Problem:
Print all the data below exactly, without images.

Data entries:
-=-=-=-=-

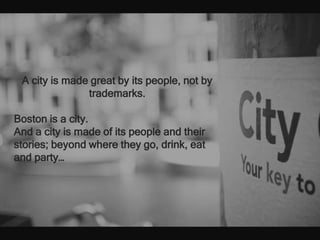 A city is made great by its people, not by
               trademarks.

Boston is a city.
And a city is made of its people and their
stories; beyond where they go, drink, eat
and party…
 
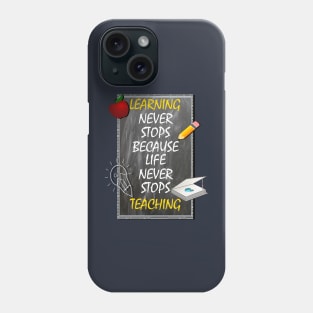 Inspirational Quote, Learning Never Stops Because Life Never Stops Teaching Phone Case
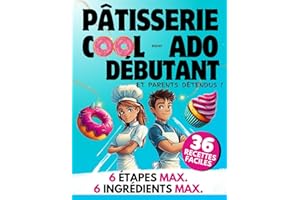 Pâtisserie Cool pour Ado Débutant et Parents Détendus: 36 Recettes Faciles | Des Gâteaux et Biscuits Simples & Délicieux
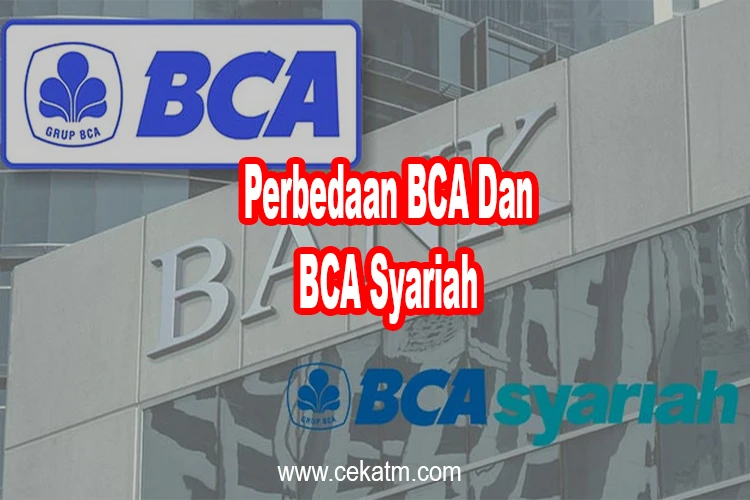 perbedaan bca dan bca syariah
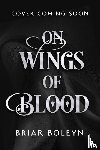 Boleyn, Briar - On Wings Of Blood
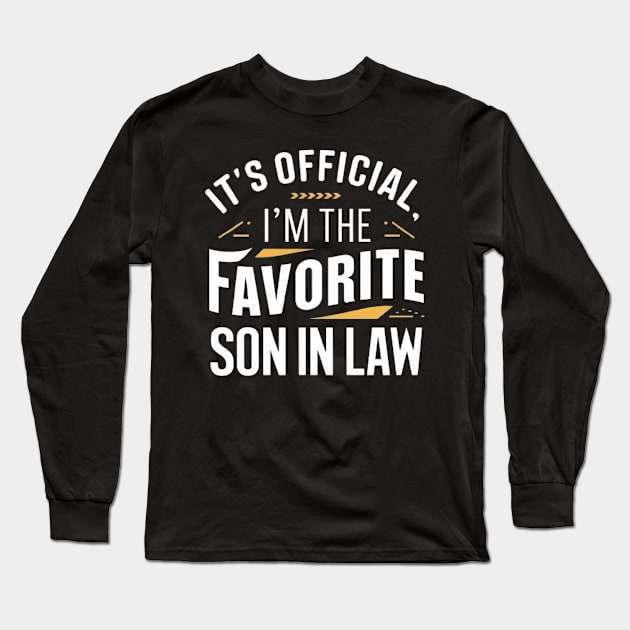 It's Official I'm The Favorite Son In Law Funny Vintage Tshirt Long Sleeve T-Shirt by ARTA-ARTS-DESIGNS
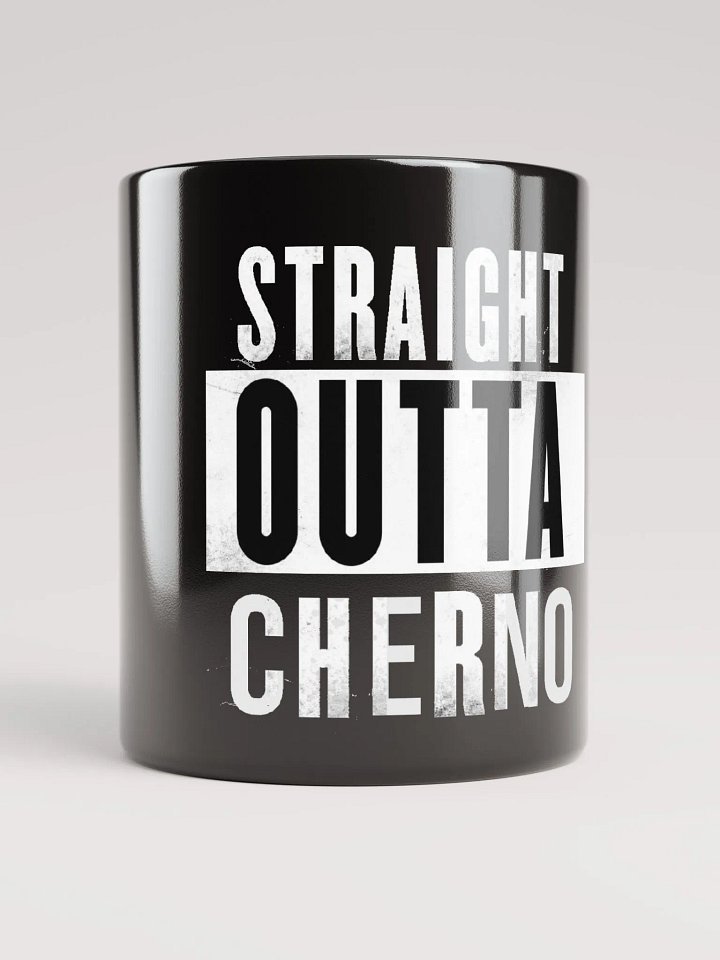 Straight Outta Cherno Black Glossy Mug product image (1)
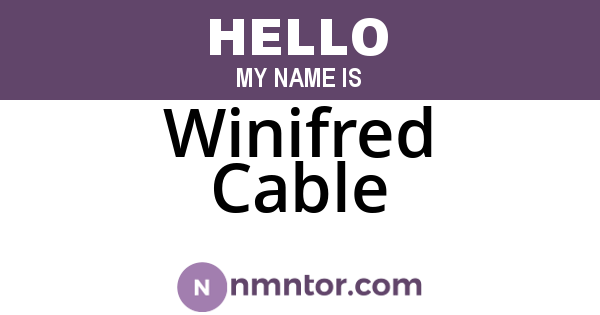 Winifred Cable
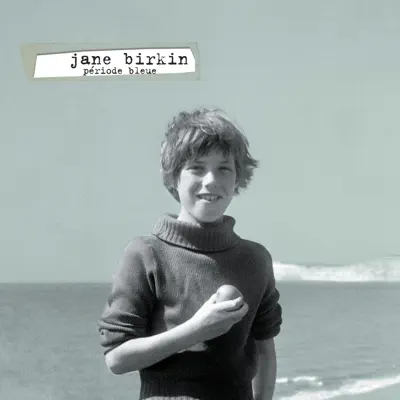 Période bleue - Single - Jane Birkin Période bleue - Single - Jane Birkin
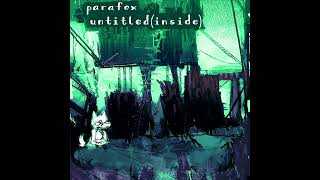 parafox - untitled inside (full album)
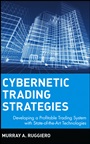 Cybernetic Trading Strategies: Developing a Profitable Trading System with State–of–the–Art Technologies - ISBN 9780471149200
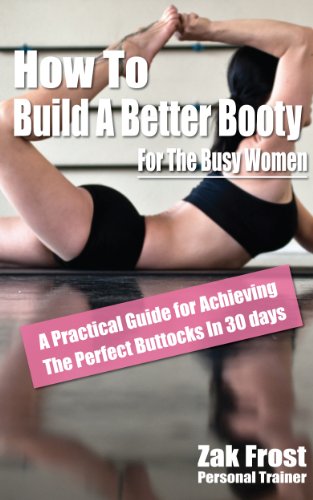 How To Build A Better  Booty For The Busy Woman - A Practical Guide For Achieving The Perfect Buttocks In 30 Days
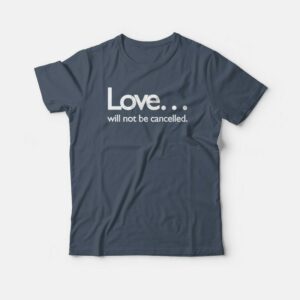 Love Will Not Be Cancelled T-shirt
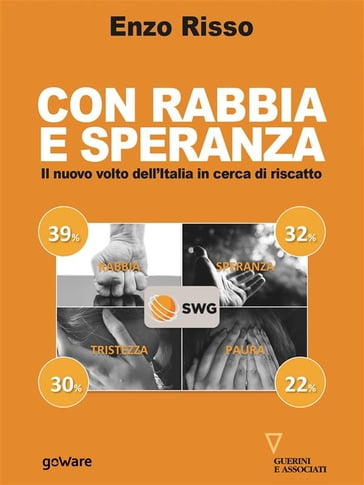 Con rabbia e con speranza. Il volto nuovo dell'Italia in cerca di riscatto - Enzo Risso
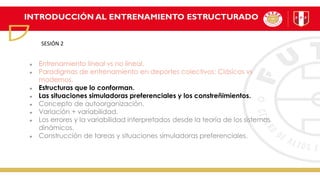 INTRODUCCIÓN AL ENTRENAMIENTO ESTRUCTURADO
Entrenamiento lineal vs no lineal.
Paradigmas de entrenamiento en deportes colectivos: Clásicos vs
modernos.
Estructuras que lo conforman.
Las situaciones simuladoras preferenciales y los constreñimientos.
Concepto de autoorganización.
Variación + variabilidad.
Los errores y la variabilidad interpretados desde la teoría de los sistemas
dinámicos.
Construcción de tareas y situaciones simuladoras preferenciales.
SESIÓN 2
 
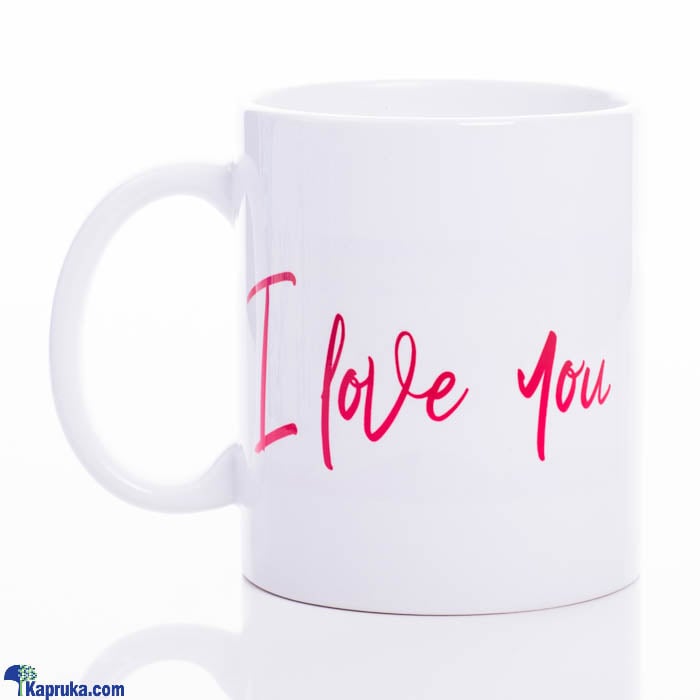 Love You Mug Online at Kapruka | Product# ornaments00655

-=-=-=-=-

Answer section:
 A city is made great by its people, not by
               trademarks.

Boston is a city.
And a city is made of its people and their
stories; beyond where they go, drink, eat
and party…
 
 Inspirational Quote, Learning Never Stops Because Life Never Stops Teaching Phone Case
 Pâtisserie Cool pour Ado Débutant et Parents Détendus: 36 Recettes Faciles | Des Gâteaux et Biscuits Simples & Délicieux
 perbedaan bca dan bca syariah
 Boleyn, Briar - On Wings Of Blood
 It's Official I'm The Favorite Son In Law Funny Vintage Tshirt Long Sleeve T-Shirt by ARTA-ARTS-DESIGNS
 Straight Outta Cherno Black Glossy Mug product image (1)
 Winifred Cable
 Période bleue - Single - Jane Birkin Période bleue - Single - Jane Birkin
 parafox - untitled inside (full album)
 Cybernetic Trading Strategies: Developing a Profitable Trading System with State–of–the–Art Technologies - ISBN 9780471149200
 How To Build A Better  Booty For The Busy Woman - A Practical Guide For Achieving The Perfect Buttocks In 30 Days
 Love Will Not Be Cancelled T-shirt
 Con rabbia e con speranza. Il volto nuovo dell'Italia in cerca di riscatto - Enzo Risso
 INTRODUCCIÓN AL ENTRENAMIENTO ESTRUCTURADO
Entrenamiento lineal vs no lineal.
Paradigmas de entrenamiento en deportes colectivos: Clásicos vs
modernos.
Estructuras que lo conforman.
Las situaciones simuladoras preferenciales y los constreñimientos.
Concepto de autoorganización.
Variación + variabilidad.
Los errores y la variabilidad interpretados desde la teoría de los sistemas
dinámicos.
Construcción de tareas y situaciones simuladoras preferenciales.
SESIÓN 2
 
 Love You Mug Online at Kapruka | Product# ornaments00655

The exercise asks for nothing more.